- _TASK PROMPT_
Retype only the lines below from the one with "Buddha Stones 925" to the one with "6 Set Light", inclusive, skipping every image.
[[ INPUT DATA open ]]
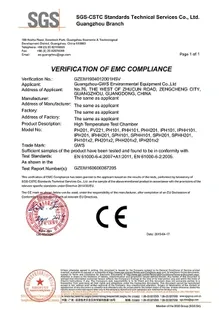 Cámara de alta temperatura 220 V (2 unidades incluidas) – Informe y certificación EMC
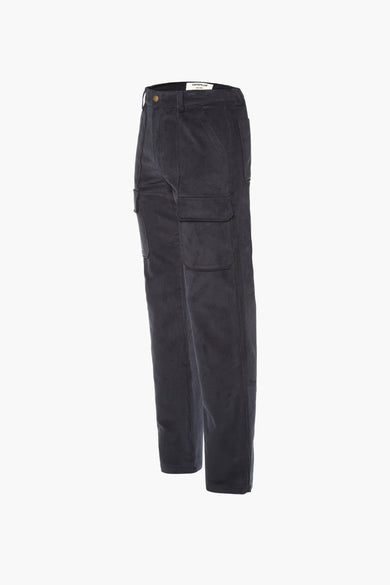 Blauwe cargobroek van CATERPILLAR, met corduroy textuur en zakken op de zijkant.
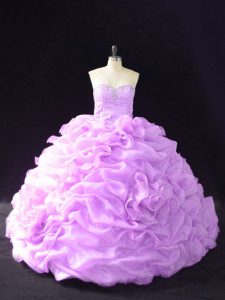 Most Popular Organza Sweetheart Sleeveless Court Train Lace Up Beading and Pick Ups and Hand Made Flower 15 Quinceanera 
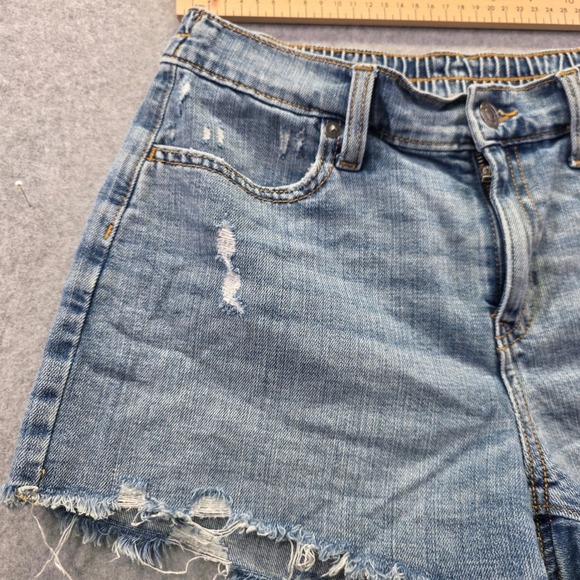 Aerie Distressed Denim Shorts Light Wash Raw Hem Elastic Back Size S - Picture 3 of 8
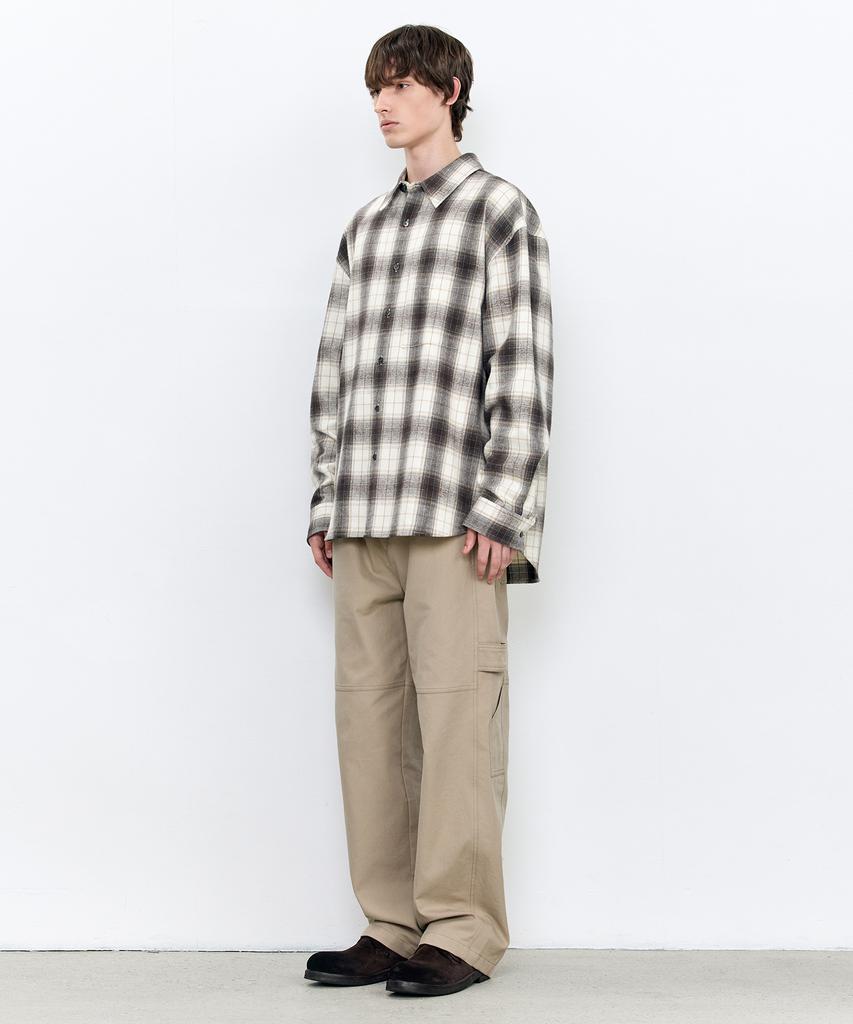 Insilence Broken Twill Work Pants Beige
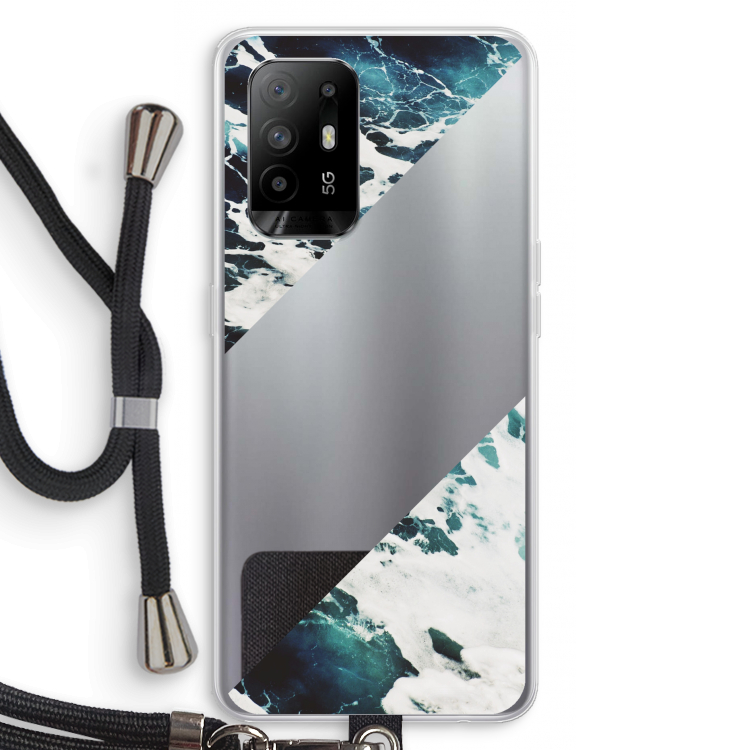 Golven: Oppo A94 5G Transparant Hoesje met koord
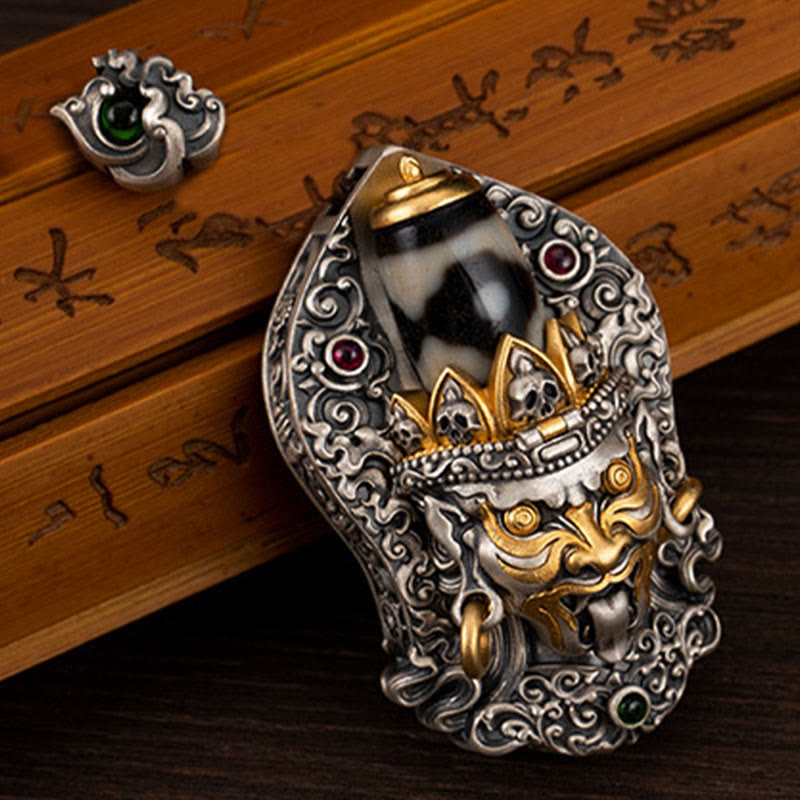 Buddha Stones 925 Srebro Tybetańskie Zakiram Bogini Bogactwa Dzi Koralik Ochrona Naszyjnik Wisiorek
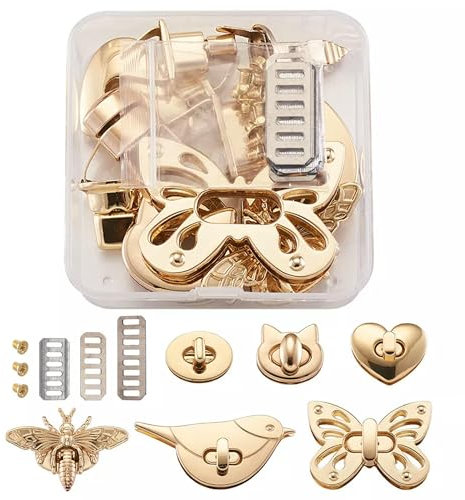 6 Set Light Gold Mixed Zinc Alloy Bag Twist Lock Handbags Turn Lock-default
[[ INPUT DATA closed ]]
[[ INPUT DATA open ]]
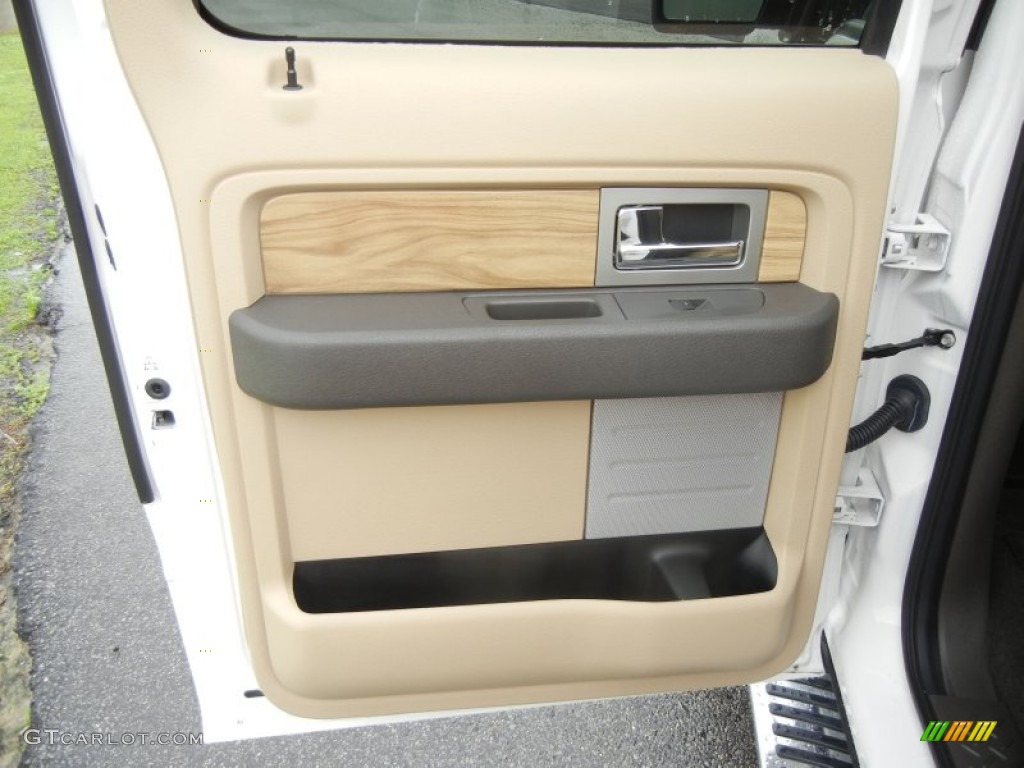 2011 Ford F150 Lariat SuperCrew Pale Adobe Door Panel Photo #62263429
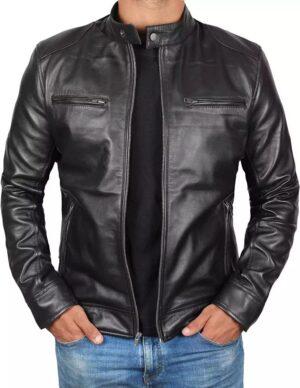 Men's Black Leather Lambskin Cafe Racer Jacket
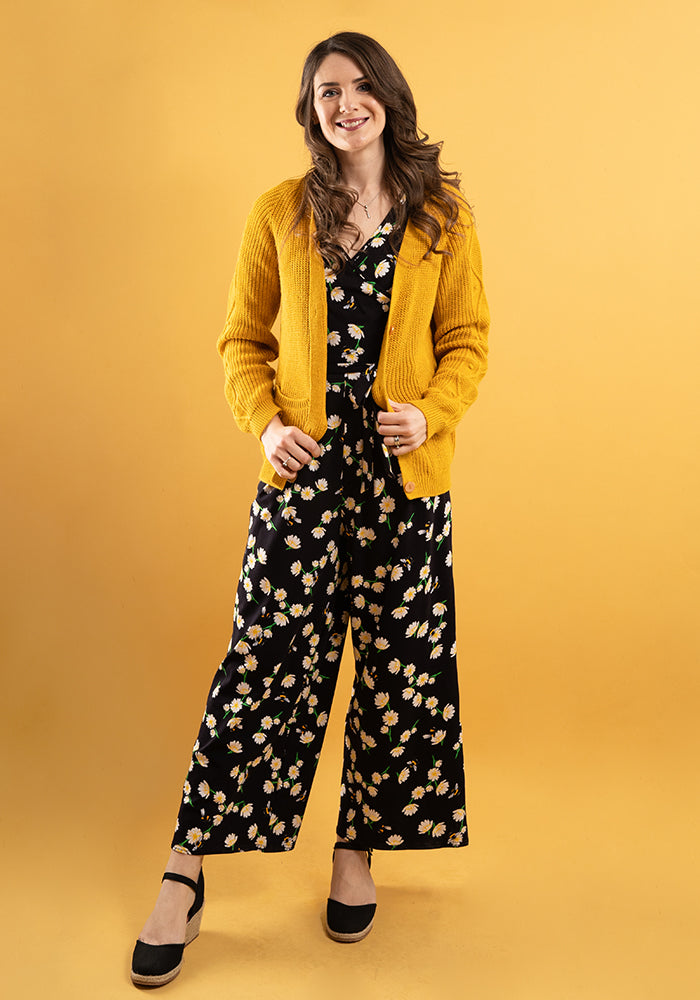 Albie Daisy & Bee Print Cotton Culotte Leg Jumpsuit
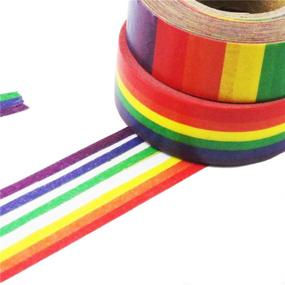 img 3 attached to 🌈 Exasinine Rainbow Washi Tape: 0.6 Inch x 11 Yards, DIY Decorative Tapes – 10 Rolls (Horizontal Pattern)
[[ INPUT DATA closed ]]
- _EXERCISE OUTPUT_
 Buddha Stones 925 Srebro Tybetańskie Zakiram Bogini Bogactwa Dzi Koralik Ochrona Naszyjnik Wisiorek
 6 Set Light Gold Mixed Zinc Alloy Bag Twist Lock Handbags Turn Lock-default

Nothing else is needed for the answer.